Sometimes it happens that we wanted to load test an application and then in the whole process we forget the basic premise of why we started it.Atleast I sometimes miss the point.
My Use Case:
I have an instance with a certain configuration(x cores and y gb ram) and I want to test how much load an application deployed on this instance can take.
Application A: A standalone application with no external api interactions.So given a request it should respond.Its a ml app to be specific which does generate certain recommendations.
Expectation:
How much load the application can take ?
or
How much load an application take and serve within reasonable time ?
Here I would refer to load as the request per second that the app can handle.
Assume you have a 1 core machine and the app is a cpu intensive app such as some number crunching.
So if the app takes like say 1 sec to serve the request, the rps is just 1req/s.
What if you have 2 cores, as the app was in python, as python is single threaded, even if you have 2 cores, it doesnt help.So you need to spawn 1 more process to utilize the other core.So now multi process thing is dependent on which framework you are using.
So now, we are serving 2 req/s.
Now lets say your app takes 2 seconds to serve a request and we have 2 cores.
Now your request rate is 1 req/s as 2 requests take 2 secs to complete in overall.
But we are missing a point here.
What happens if we increase the number of requests assume we are send 8 requests now at once.

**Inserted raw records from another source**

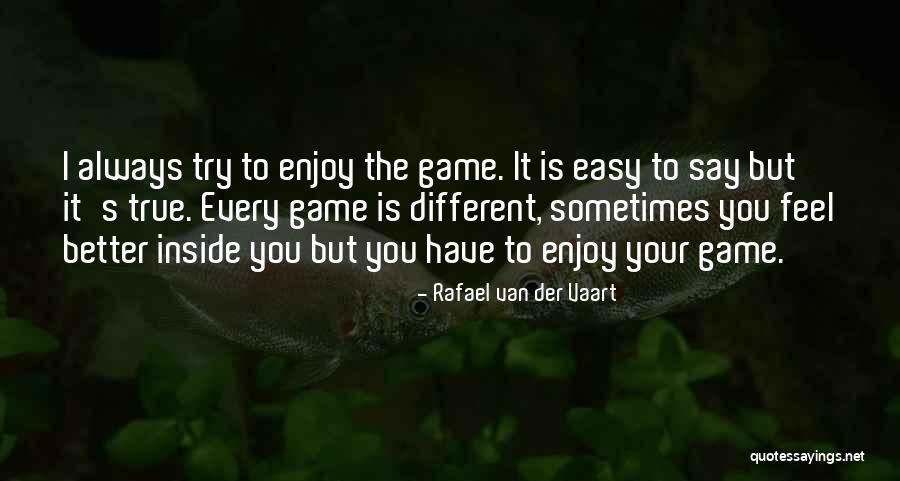 Van Der Vaart Quotes By Rafael Van Der Vaart Van Der Vaart Quotes By Rafael Van Der Vaart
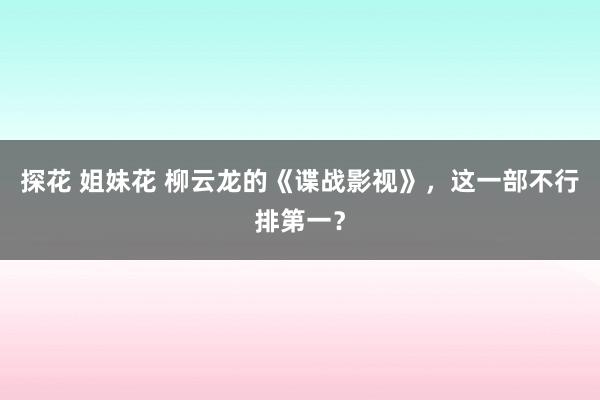 探花 姐妹花 柳云龙的《谍战影视》，这一部不行排第一？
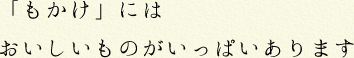 「もかけ」にはおいしいものがいっぱいあります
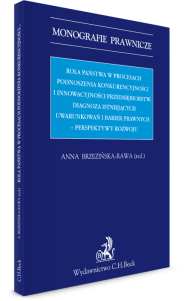 Rola państwa w procesach podnoszenia konkurencyjności i innowacyjności przedsiębiorstw. Diagnoza istniejących uwarunkowań i barier prawnych – perspektywy rozwoju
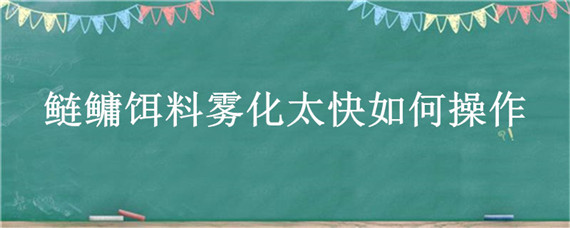 鲢鳙饵料雾化太快如何操作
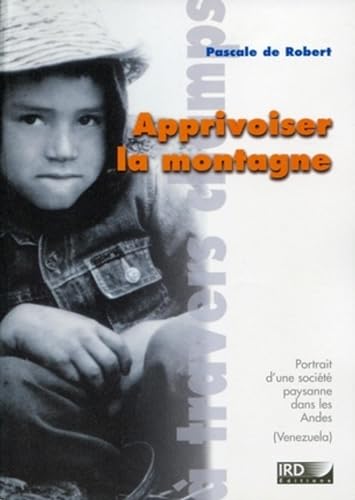 Stock image for Apprivoiser la montagne for sale by Chapitre.com : livres et presse ancienne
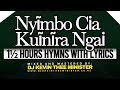 Kikuyu Hymns With Lyrics 1 Hours Nyimbo Cia Kuinira Ngai Dj Kevin Thee Minister Kikuyu Hymns With Lyrics 1 Hours Nyimbo Cia Kuinira Ngai Dj Kevin Thee Minister
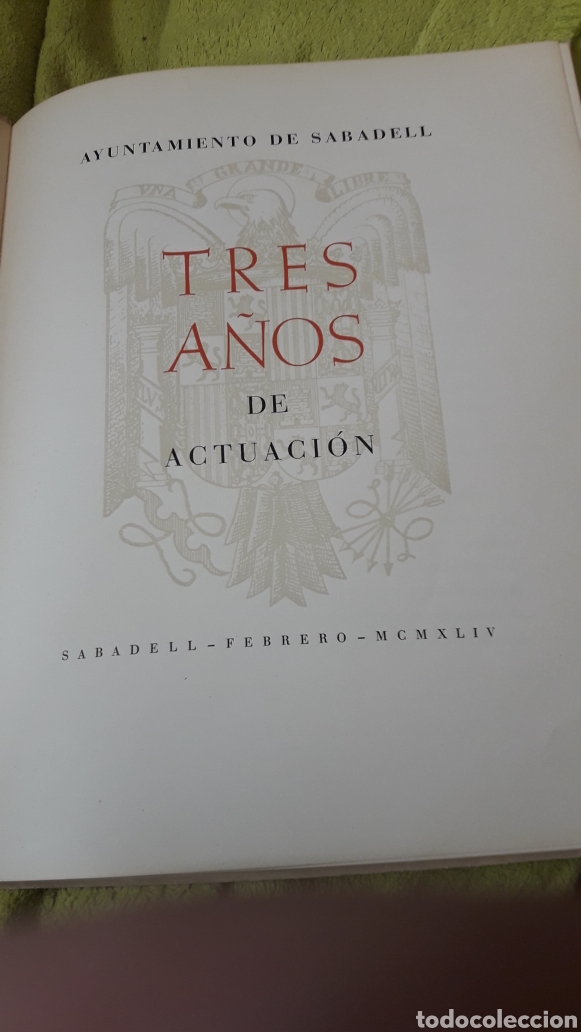 Gebrauchte B&uuml;cher: TRES A&Ntilde;OS DE ACTUACI&Oacute;N, libro editado por El Ayuntamiento de Sabadell, Al Excelent&iacute;simo Francisco Fr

So the overall time taken for all the requests to complete is 8 seconds..Some of the requests take more time waiting for cpu time as we only have 2 cores at a certain moment for computation.So in worst case it takes 8 secs for the last two of the 8 requests.
So just increasing the load on the application for testing, will not help much as the system is already saturated and hence even if you increase load there will not be much improvement in request rate.And worse the latency starts to increase as requests have to wait for more time to get a chance of cpu time.
That brings up to saturation.So load testing is also about trying to understand the saturation limits of the system beyond which it will not scale and deteriorates.
Req/sec and latency are 2 important metrics to keep in mind.Req/sec as an independent metric is not much useful.So ok your app can serve x req/s within y time ? That is a bit more meaningful.